Management Agreement Approval Process (Unaudited)

 

The Board of Trustees of each Fund (each, a “Board” and each Trustee, a “Board Member”), including the Board Members who are not parties to the Funds’ advisory or sub-advisory agreements or “interested persons” of any such parties (the “Independent Board Members”), is responsible for overseeing the performance of the investment adviser and the sub-adviser(s) to the respective Fund and determining whether to continue such Fund’s advisory agreement (the “Investment Management Agreement”) between the Fund and Nuveen Fund Advisors, LLC (the “Adviser”) and the sub-advisory agreement(s) (each, a “Sub-Advisory Agreement” and, together with the Investment Management Agreement, the “Advisory Agreements”) between: in the case of Nuveen Preferred Income Opportunities Fund (the “Preferred Income Opportunities Fund”), (a) the Adviser and Nuveen Asset Management, LLC (“NAM”) and (b) the Adviser and NWQ Investment Management Company, LLC (“NWQ” and, together with NAM, the “Sub-Advisers”); in the case of Nuveen Preferred and Income Term Fund (the “Preferred and Income Term Fund”), the Adviser and NAM; and, in the case of Nuveen Flexible Investment Income Fund (the “Flexible Investment Income Fund”), the Adviser and NWQ. Following an initial term with respect to each Fund upon its commencement of operations, the Board is required to consider the continuation of the Advisory Agreements on an annual basis pursuant to the requirements of the Investment Company Act of 1940, as amended (the “1940 Act”).

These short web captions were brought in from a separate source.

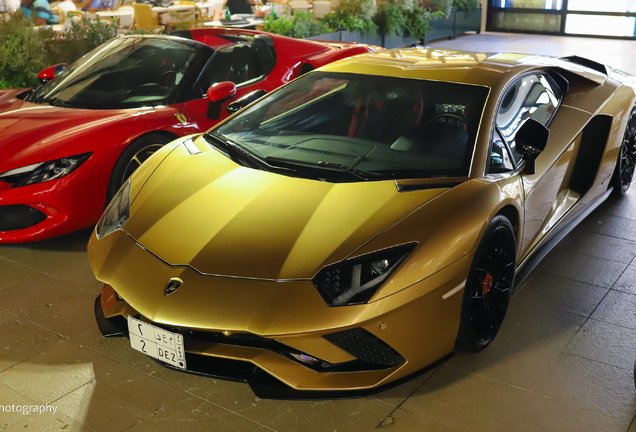 Lamborghini Aventador S LP740-4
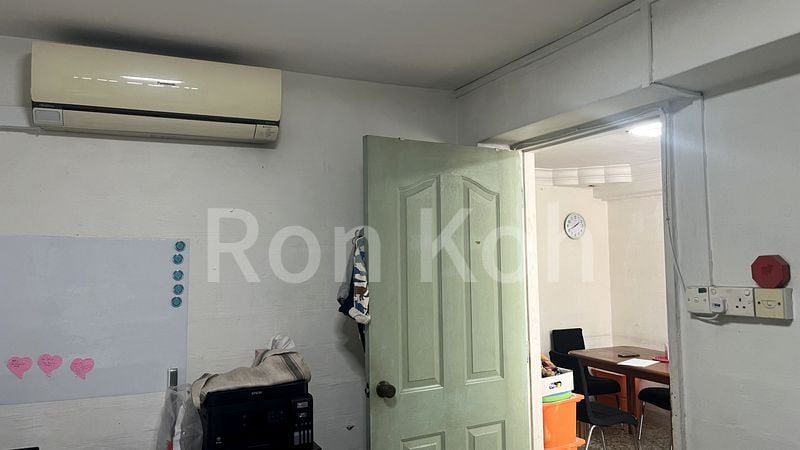 3 Room (3I) HDB for Sale in 30 New Upper Changi Road - Image 1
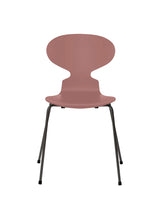 3101 Myren Stol lackad av Arne Jacobsen - Wild Rose / Warm Graphite - Jacobsen Plus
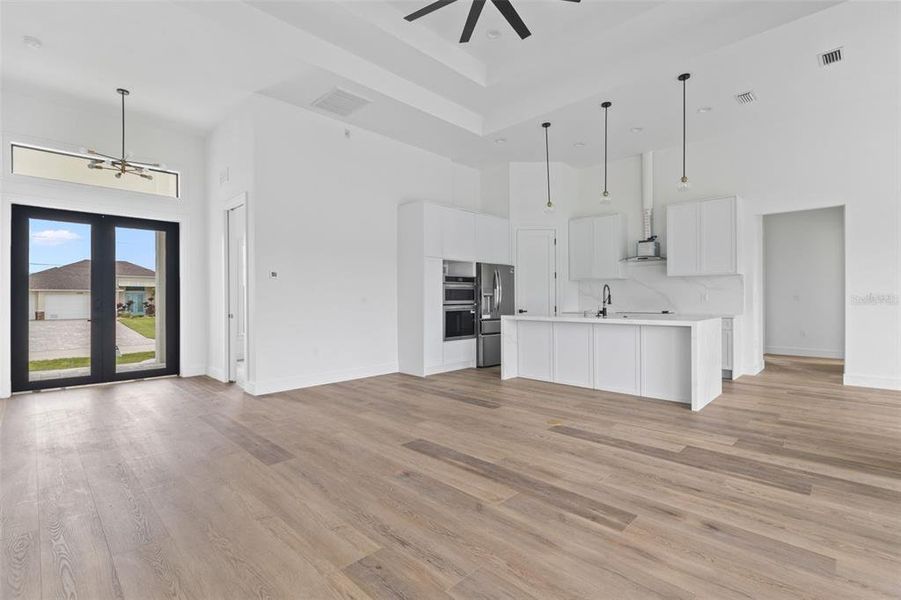 Spacious, unfurnished interior of a new home in , Port Charlotte (Image 18).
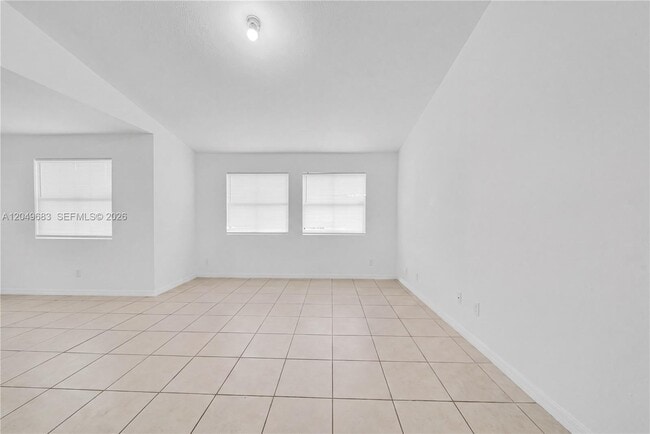 Building Photo - 15070 SW 103rd Ln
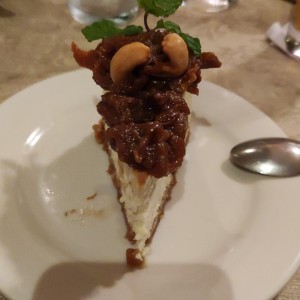 Cheesecake con costra de pepita y salsa de guayaba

Accordingly, at an in-person meeting held on May 11-13, 2015 (the “May Meeting”), the Board, including a majority of the Independent Board Members, considered and approved the existing Advisory Agreements for the Funds.

In preparation for its considerations at the May Meeting, the Board received in advance of the meeting extensive materials prepared in connection with the review of the Advisory Agreements. The materials provided a broad range of information regarding the Funds, including, among other things, the nature, extent and quality of services provided by the Adviser and applicable Sub-Adviser(s) (the Adviser and the Sub-Advisers are collectively, the “Fund Advisers” and each, a “Fund Adviser”); Fund performance including performance assessments against peers and the appropriate
benchmark(s); fee and expense information of the Funds compared to peers; a description and assessment of shareholder service levels for the Funds; a summary of the performance of certain service providers; a review of product initiatives and shareholder communications; and profitability information of the Fund Advisers as described in further detail below. As part of its annual review, the Board also held a separate meeting on April 14-15, 2015 to review the Funds’ investment performance and consider an analysis by the Adviser of each Sub-Adviser which generally evaluated each Sub-Adviser’s investment team, investment mandate, organizational structure and history, investment philosophy and process, and the performance of the applicable Funds, and any significant changes to the foregoing. During the review, the Independent Board Members asked questions of and requested additional information from management.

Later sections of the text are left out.